Основные философские сочинения Марселя: «Экзистенция и объективность» (1926), «Метафизический дневник» (1927), «Полагание онтологического таинства и конкретные подходы к нему» (1933), «Бытие и обладание» (рус. пер.: «Быть и иметь») (1935), «От отказа к призыву» (1940), «Homo viator» (1945), «Экзистенция и свобода человека у Ж.-П.Сартра» (1946), «Метафизика Ройса» (1947), «Таинство бытия» (1951), «Люди против человеческого» (1951), «Человек, ставший проблемой» (1951), «Присутствие и бессмертие» (1959), «Опыт конкретной философии» (1967), «К трагической мудрости и за ее пределы» (1968)
и др. Кроме того, им были написаны пьесы: «Замок на песке» (1913), «Человек Божий» (1923), «Иконоборец» (1924), «Смерть назавтра» (1931), «Расколотый мир» (1933) и др.

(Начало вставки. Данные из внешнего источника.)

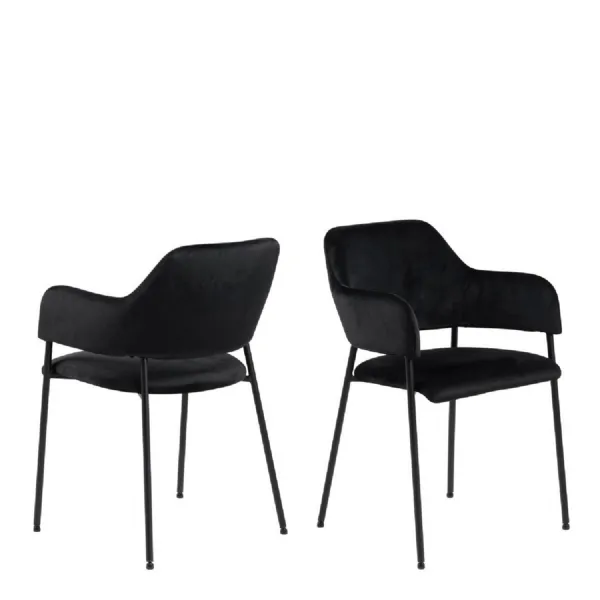 Lima Dining Chair with Armrest in Black Set of 2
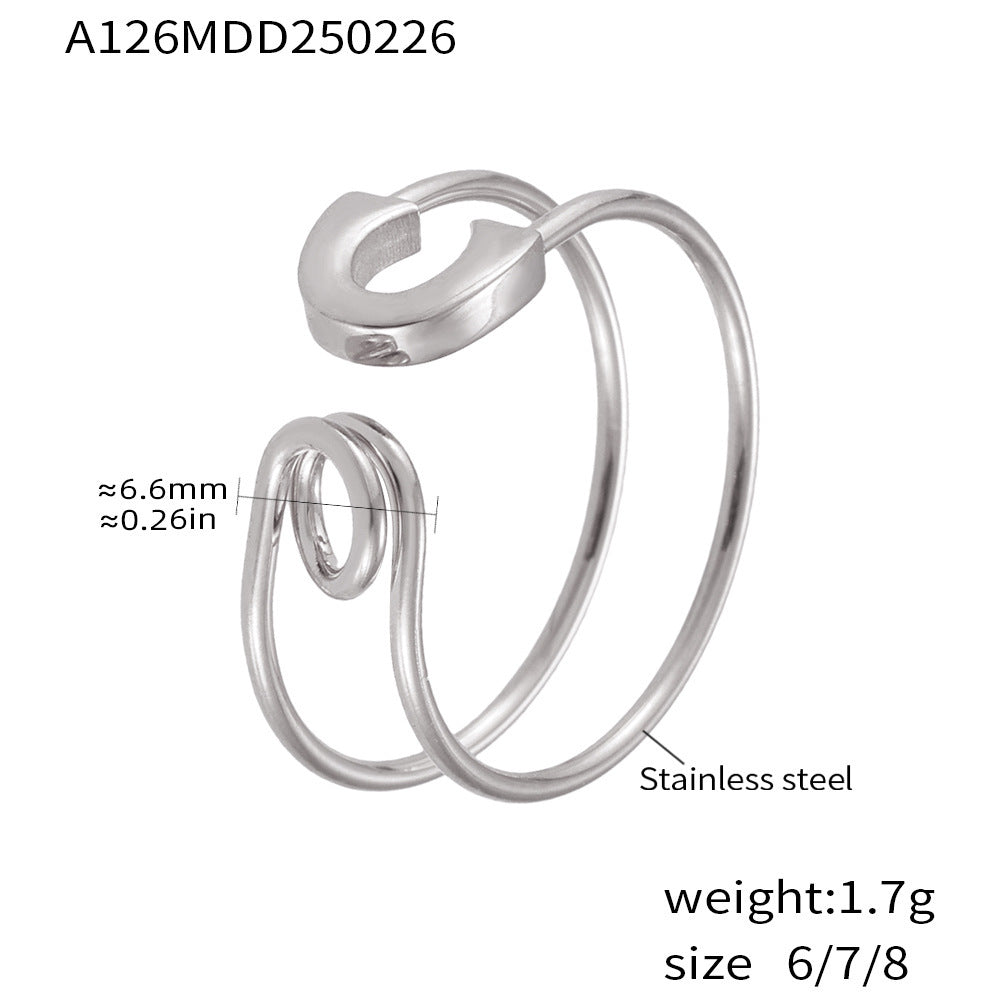 Creative pin line opening ring stainless steel electroplated 18K gold ring unique niche jewelry wholesale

Габриэль Марсель — крупнейший представитель современного экзистенциализма, его теистического направления. На философском Конгрессе в Риме в 1946 г. его взгляды были определены как «христианский экзистенциализм». Сначала Марсель согласился с такой оценкой, однако в дальнейшем его ученик Жозеф Шеню предложил другое определение — «неосократизм» [см.: 10. С. 182, 185]. Возможно, что импульс для перемены названия был дан энцикликой папы Пия XII «Humani generis» (1950 г.), осудившей экзистенциализм. Иногда его учение также называют «христианским неосократизмом», «религиозным экзистенциализмом» [см.: 1. С. 343—344], «католическим персонализмом» [см.: 5. С. 132].

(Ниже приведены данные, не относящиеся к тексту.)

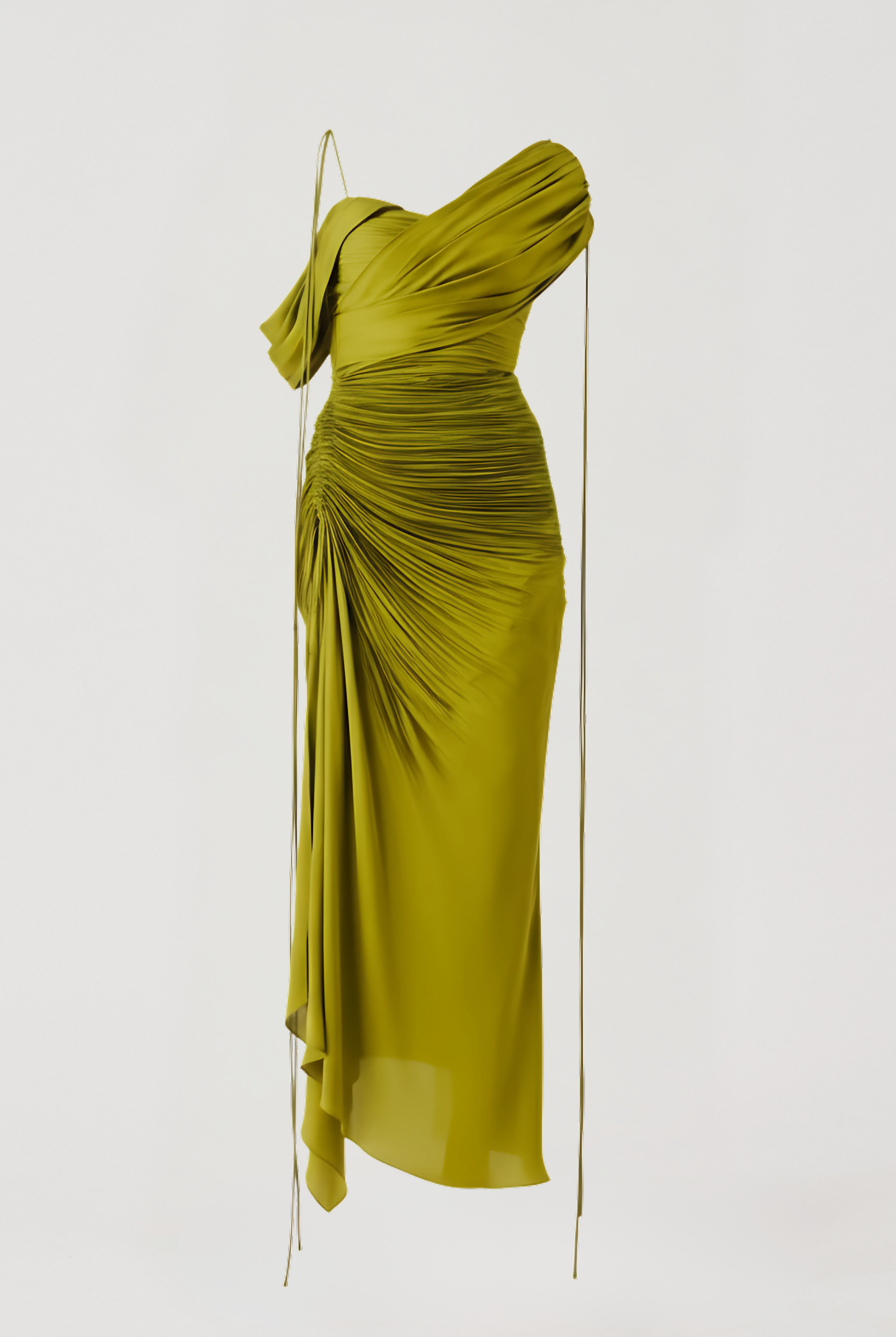 Olive Ruched Dress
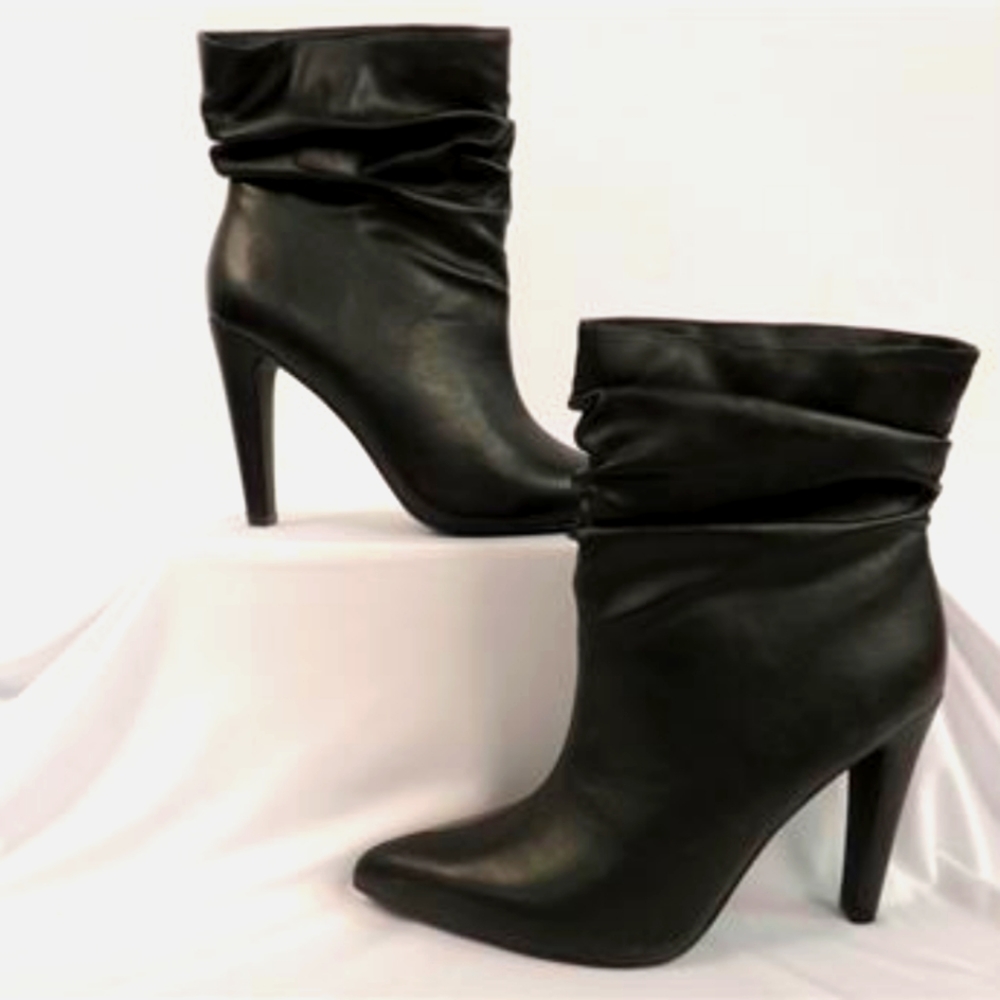 STARLET Slouchy Black Stiletto Ankle Boots, Sz. 10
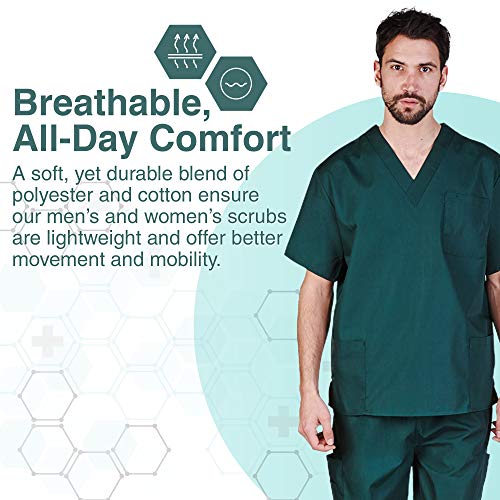 Natural Uniforms Comfortable Fit Men's Workwear Uniform 8 Pocket Top and Pant Set XS Hunter Green
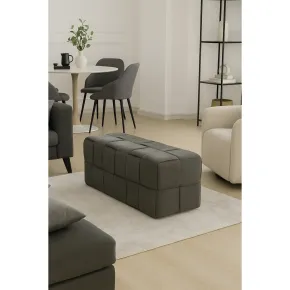 Pouf Rettangolare 104x39x39 cm in Tessuto Effetto Intrecciato Grigio 2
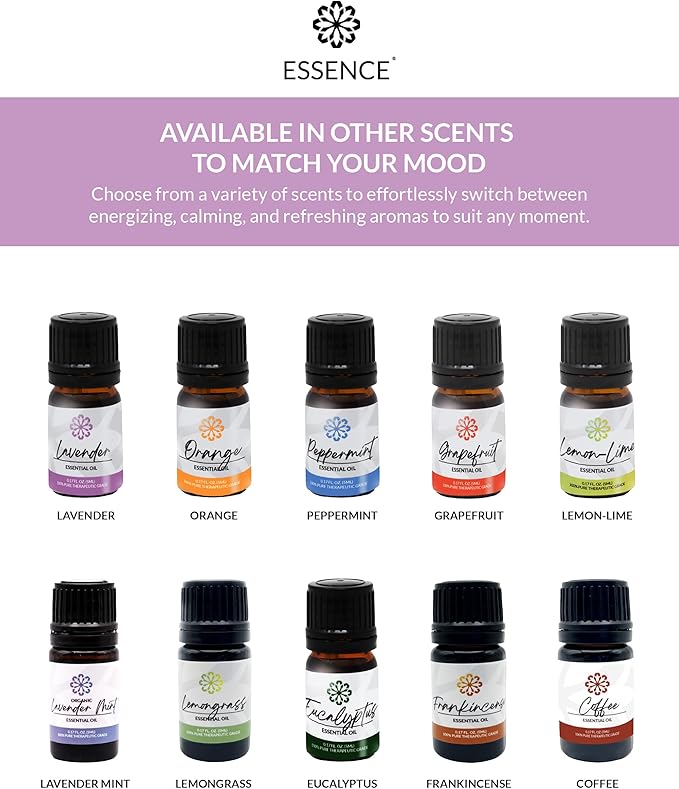 Essence Lavender Essential Oil – Pure & Therapeutic Grade – Perfect for Aromatherapy, Diffusers & Recharging Essence Nasal Diffuser Rings – Natural Stress & Mood Support (5mL)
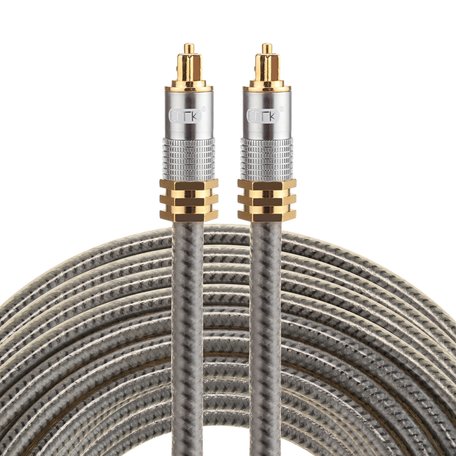 ETK Digital Optical kabel 15 meter / toslink audio male to male / Optische kabel metaal - Grijs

Сочинения Марселя состоят из соединенных воедино фрагментарных размышлений, дневниковых записей, констатаций собственных переживаний, зарисовок душевной жизни других людей. И это не просто стилистическая особенность, такой характер изложения обусловлен фундаментальными принципами экзистенциального философствования. Он связан, прежде всего, с традиционной для христианских мыслителей формой исповеди, откровенным раскрытием сомнений и метаний мысли на пути к Богу. Цель исповеди — передать интимную жизнь мысли, ее подлинную экзистенцию, которая сегодня — совсем другая, нежели вчера или завтра.

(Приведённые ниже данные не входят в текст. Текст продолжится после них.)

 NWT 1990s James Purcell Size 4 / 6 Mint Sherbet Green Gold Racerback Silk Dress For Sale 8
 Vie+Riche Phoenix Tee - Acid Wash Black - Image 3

Воззрения Марселя подчеркнуто антисистемны и открыты для широкой интерпретации1. В своем философствовании, которое он называет «конкретным», он опирается на описание опыта экзистенциальных и религиозных переживаний личности [см.: 3. С. 246—247]. Ситуация в мире такова, что все мы вовлечены в драму бытия, в его предельные значения и смыслы. И речь здесь идет не об абстрактном познании, при котором мы как субъект — одно, а как объект — другое, и где мы призваны решать какую-либо отвлеченную проблему. Экзистенциальный мыслитель отрицает оппозицию понятий «объект» и «субъект»2. «Объект как таковой, — пишет он, — не присутствует» [6. С. 95]. При этом действительность рассматривается не через взаимоотношения субъекта и объекта, а через форму взаимосвязи между переживающим и переживаемым. Причем они нераздельны, одно без другого невозможно. Соответственно, присутствие необъективируемо: «..Присутствие... — это не заботливо сохраняемое изображение исчезнувшего объекта. метафизически. это больше, чем объект, оно его превосходит во всех отношениях» [10. С. 96—97].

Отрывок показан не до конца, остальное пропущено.